In a few days I started the onboarding procedure - everything happens online, everything is digital, everything is set up for maximum ease and transparency.
They set investors up for success, but they make sure they vet them thoroughly as well! A "user friendly" approach does not mean lower standards, quite the opposite - they made sure I meet all commercial and business criteria, they assessed my financial, capital and business status and previous experience, and checked references from markets in which I operated previously.
We went through a process of very rigorous assessment and due diligence, and several meetings where I detailed our business plan and long term vision. Professional but friendly - you feel welcome, encouraged and supported as an investor.
Furthermore, their “enthusiasm”, or appetite for new business, equaled mine! They’re happy to welcome new businesses, they work hard to attract them and to set them up for success. I was very impressed that they genuinely appreciate the fact that investors, however big or small, choose their market to set up a company.
I’d love to see this same level of energy, hard work and appetite for business in my home country, Romania.
While other jurisdictions welcome investors and work hard to create the framework for development and success, I often feel that the Romanian regulators, for financial markets and not only, start from a default position of suspicion or, at best, indifference. Investors are regarded with thinly veiled (if at all veiled!) suspicion and distrust and sometimes downright hostility, you almost feel guilty or embarrassed to be successful financially.
I hope to see this mentality change in Romania, because I, as well as most Romanian entrepreneurs I know, really want to make our country a top choice for investments, not just in outsourcing and services. We want to make Romania known for its know how and creativity.
I think Romanian regulators should remember that their whole purpose of existence is to enable business, not hinder it. And as investors, especially once we see best practices from other jurisdictions, we need to remind them of this reality.
- Fintech OS - B2B services and TaaS enabling automation for financial services. The fact that this is a Romanian company that has achieved such rapid growth proves that (to paraphrase) geography is not destiny. Their experience is inspiring.
- Fagura - P2P Lending. Although Fagura is actually coming from Moldova, they are present in Romania. This is a friendly peer-to-peer platform, modelled on UK similar companies. I think it has good potential for success.
- Smart dreamers – a platform for recruitment marketing automation, they’re already in the UK, the US, and Singapore, with enterprise-ready software that helps companies reach and engage with potential candidates online.
- Medjobs – this is a platform for recruitment and jobs in the healthcare sector. I like their focus and the fact that they’ve honed in on this very specific opportunity, as it is a very dynamic niche and was generally very fragmented.

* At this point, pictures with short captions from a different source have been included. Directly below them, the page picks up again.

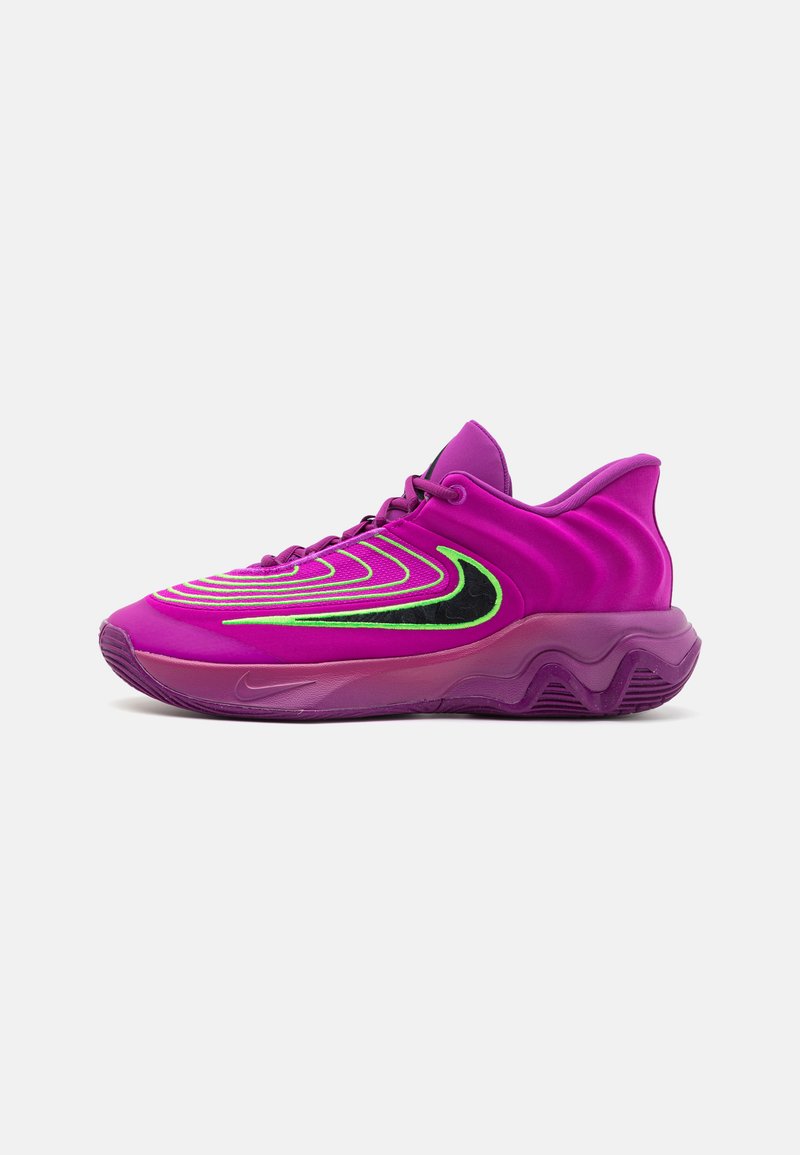 Lila Sport schuh mit gewelltem Muster, grünen und schwarzen Akzenten, weichem Synthetikmaterial und strukturiertem Sohlen.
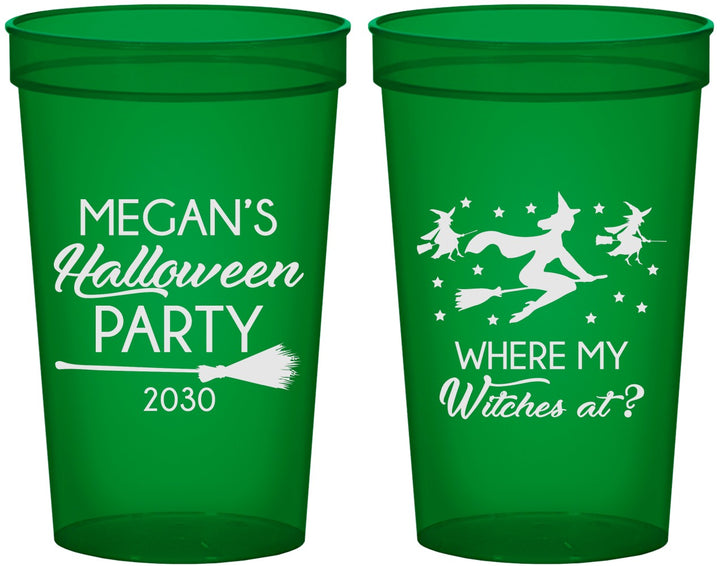 Custom Halloween 22 oz Translucent Cups - Where My Witches At | 250086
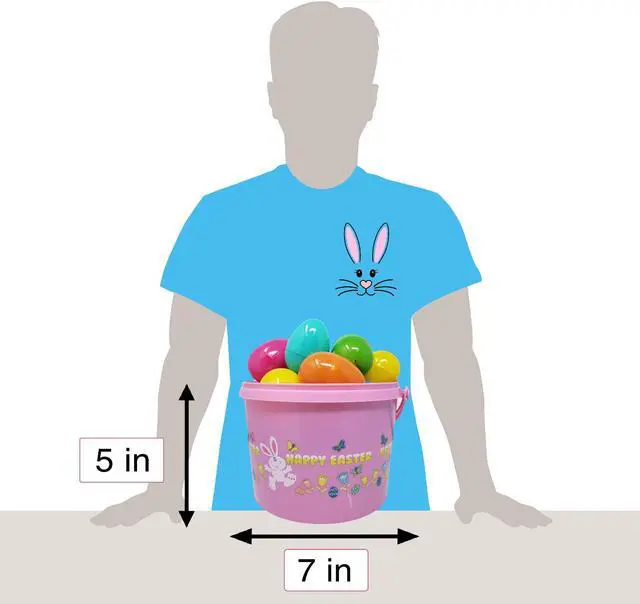 Alt view image 3 of 3 - Blue Easter Plastic Bucket with 3lbs Individually Wrapped Chocolates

- Typing DNA – such an original idea! They’ve developed an app for typing biometrics authentication – recognizing people from the way they type, this is an AI-based solution for risk-based authentication and fraud prevention.

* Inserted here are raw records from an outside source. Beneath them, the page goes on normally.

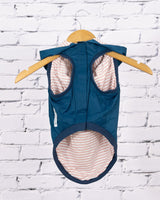 Veste de pluie bleue avec doublure à rayures roses "Bubba"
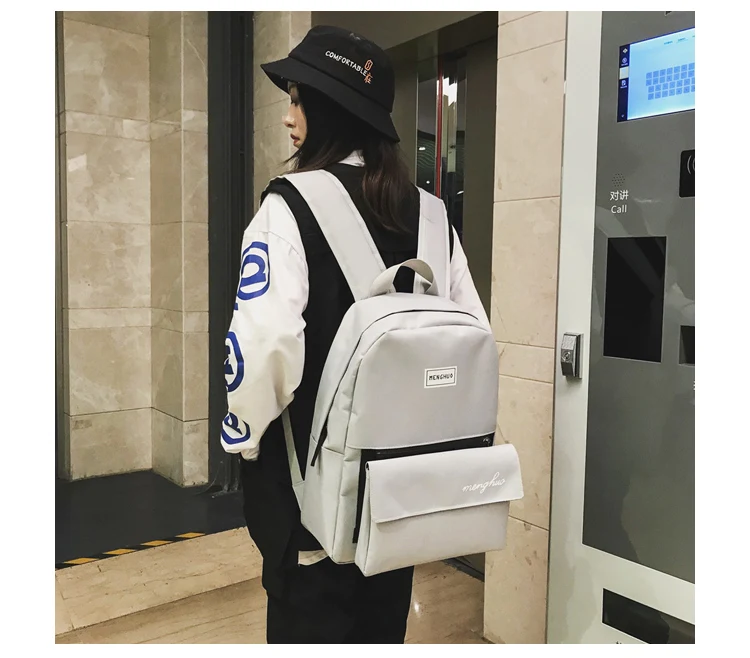 Menghuo 2pcs:set Backpack Bags for Teenager Girls Net Pocket Women School Bag Men Laptop Backpack Travel Bag Rucksack Mochilas_28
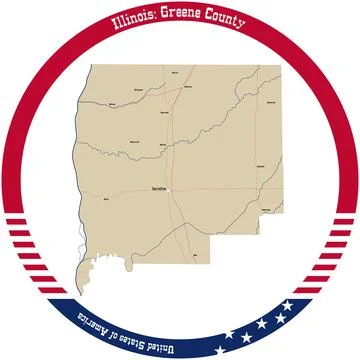 Map of Greene County in Illinois, USA arranged in a circle. Stock Illustration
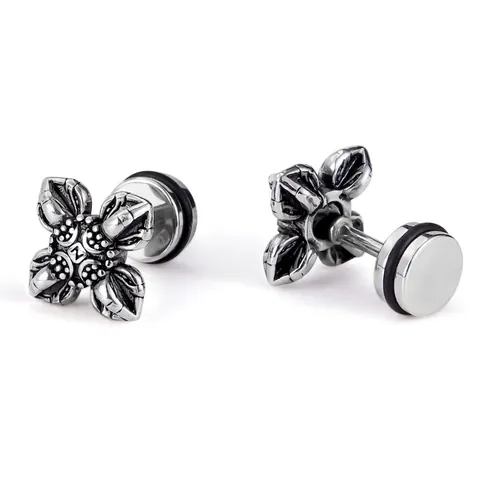 Vintage Stainless Steel Gothic Cross Vajra Stud Earrings Punk Distressed Silver Retro Earrings For Men Women Fashion Jewelry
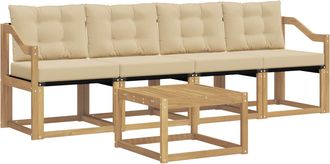 vidaXL Conjunto De Sof&aacute;s De Exterior 5 Uds. Y Beige Vidaxl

- Competitors.app – a very useful and comprehensive app for monitoring competitors’ marketing activity across online channels.
- Finqware – this was badly needed in Romania, since most companies and people have several bank accounts and they need a centralized dashboard for their finances.
- Keez – A user-friendly alternative to accounting, payroll, and ERP software.
- Teleport HQ - An AI powered platform and suite of open source tools which simplifies UI building and adds realtime optimisations by analysing user's intentions.
- Cyscale - a Multi-Cloud Platform, for all major providers like Amazon, Google and Microsoft, which handles Cloud Native Security, Threat management and Secure Cloud Design.